Boston has no such hustle issues, but it must look more like the turnover-phobic team it was in the first five games of this series and less like the cough-it-up machine it was during Game 6 and the entire last half-decade. The Celtics simply cannot afford to give Miami easy points.
• Garnett on the block.
Garnett reminding the world what a wonderful two-way player he has been is one of the best stories of the playoffs. He already has posted more 20-point, 10-rebound games in the postseason (nine) than he did in the regular season (seven). The Celtics only need to prop up the offense from “bottom-six”-level to “average” in order for their defense to give them a realistic shot of winning, and if they aren’t going to get that boost from Pierce or some extra transition fuel, Garnett’s post game is probably the place they’re going to have to find it — barring another monster scoring game from Rondo.
Garnett was 4-of-8 from the lower half of the paint in Game 6, so it’s not as if his interior game vanished. It just wasn’t a constant, and the shot attempts carried a greater degree of difficulty than Boston would have liked. The Heat removed those pick-and-roll gimmes Boston got in Game 5 when Miami trapped Rondo and let Garnett roll free to the hoop.
The Celtics are going to have to find other ways to establish Garnett, and they have done that well in this series. They’ve cleared his side of the floor to give Rondo easier passing angles over Miami’s fronting defense. They’ve had Rondo give up the ball outside, cut toward the rim and suddenly back his rear end into Garnett’s man, setting a surprise pin-down.
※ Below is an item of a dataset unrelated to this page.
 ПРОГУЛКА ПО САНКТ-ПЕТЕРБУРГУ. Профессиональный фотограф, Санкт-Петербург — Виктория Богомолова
And they have used the pick-and-roll as means of posting up Garnett on the move.
They’ll need that creativity in Miami. They’ll also need Garnett to make shots over smaller defenders if Miami continues to switch James onto him. And as usual, they’ll need his jumper to fall; Garnett was just 2-of-6 outside the paint in Game 6. That won’t do in what Boston coach Doc Rivers always describes as a “make-or-miss” league.
Bottom line: The odds favor Miami, but this Boston team just continues to survive. Can the Celtics do it again on Saturday?